あと、オープニング的なものが存在しなくて。
今回、敵・味方がはっきりしているものあるし、
それぞれビジュアルのクオリティが高いので、
思いっきりベタに顔見せ的な感じで登場した方が盛り上がったかなと思います。
今回、場面的にボルテージの上がることがほとんどなかったんですよね。
鳴り物入りのわりには、物語、美術、音楽、全てにおいて冒険が少なく、
随分宝塚の方に引き寄せてるなぁと思いました。
1幕最後から2幕は小池先生お得意の階段全員集合でした。
でもピンパーネルみたいに絵的に綺麗な場面はほぼ皆無に等しく…。
2幕の剣心、加納の階段での立ち回りはじわじわ盛り上がったけど。
あ、ちなみに、パンフはいつもよりも気合が入ってて、
見開きピンナップ的なものもあり、ちょっと感動しました。
ちぎ(早霧せいな)@緋村剣心は、
元々の宝塚的でない声やせりふ回しがよく合っていて、
ルパンの「ふーじこちゃーん!」なり今回の「おろ?」が、
痛くなく、ナチュラルに2次元と3次元を繋ぐ貴重な人だなと改めて思いました。
しかもそれは2次元を忠実に守る(というか奴隷になっている)わけではなく、
しっかり自立して3次元にキャラクターを根付かせられる、
ちゃんと芝居のできる、という意味での貴重さ。
役柄にも依ると思うのですが、
ルパンに引き続き、皆を有無を言わさず引っ張る「トップ」という色が薄く、
やんわりと見守る感が強い人なのだなぁと思いました。
この個性にあう良い役がくればいいですね!
(そう思うと次の
『ローマの休日』がしっくりくる気がする)
咲妃みゆさん@神谷薫は、なんかばっさばっさしてて元気だった。
声が独特なイメージがあったけど、
今回はまた少し声のイメージを変えてたのか、ヒロイン声でした。
耳なじみのいい声音をたくさん持ってますよねー!
剣心との微妙な関係も可愛かった。
とにかく動きがばっさばっさしてて、気圧されました。
ばっさばっさ…(しつこい)
だいもん(望海風斗さん)@加納惣三郎。
まず加納惣三郎について、
わたしは自分の中で新選組ブームが巻き起こった時に読んだ司馬遼太郎の「新選組血風録」や、
『誠の群像』で彩輝直さまがすみれコードぶっちぎってた印象が強すぎて、
もっと普通に変態でいいのにな…(ちぇっ)と思いました。
花魁身請けしたい→辻斬り→フランスかぶれで阿片取引
…何で?(知らん)
何か信念がありそうでないし、じゃあ普通に剣心にやたら執着がある感じにしてくれたらな、と。
薫じゃなくて剣心縛って打掛着させたらよかったのにな、と。
ゲイだったらよかったのにな、と。

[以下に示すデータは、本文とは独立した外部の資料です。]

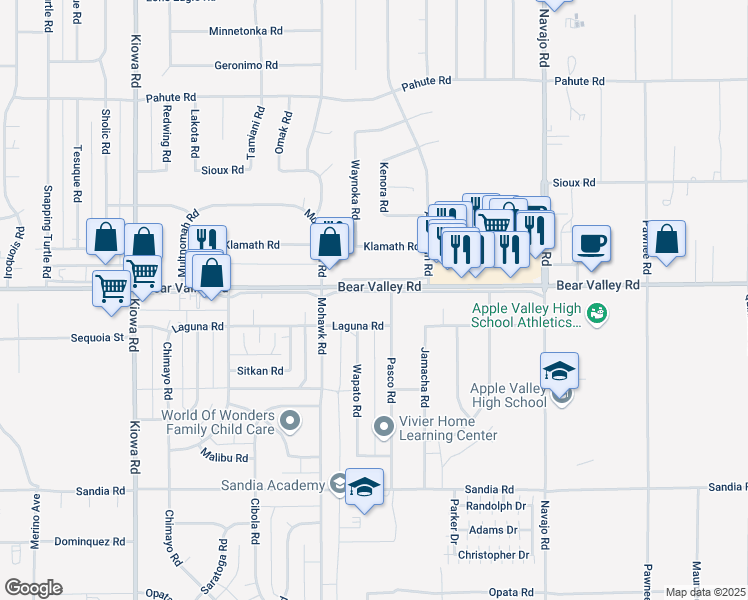 map of restaurants, bars, coffee shops, grocery stores, and more near 21311 Bear Valley Outerhighway South in Apple Valley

(結局そこ)
阿片に酔わせた剣心をどうにかしてほしかったなと思いますね(爽やかに)
しかし、だいもんがまたしばらく見ぬ間に、ドヤ感が増してた。
ソロ歌い始めると、トップ並みの清々しいドヤ。
まるで、かつての香寿たつきさまのような…盤石の2番手。
歌いこなす、芝居もできる、そして、その存在がものすごーく宝塚。
ああ、わたしは今宝塚を観てる…宝塚を観ているのだ…と
嬉しくなって2回反芻したくなるような、宝塚の男役。
何か思ってたのと違う方向性の変態だったけど、
ルパンの時肩すかしに合った分、ちゃんと悪役でよかった。
けど、ジェラール山下て!(デューク更家的な)
彩風咲奈さん@斎藤一が、よかった。
いつも彩風と彩凪の区別がつかないとおちょくってたけど、
今回、ものすごい儲け役だったと、思う。
なんせカッコいいのだ。制服姿に刀さして、くわえ煙草をしてる立ち姿がたまらなく。
カッコいいは正義。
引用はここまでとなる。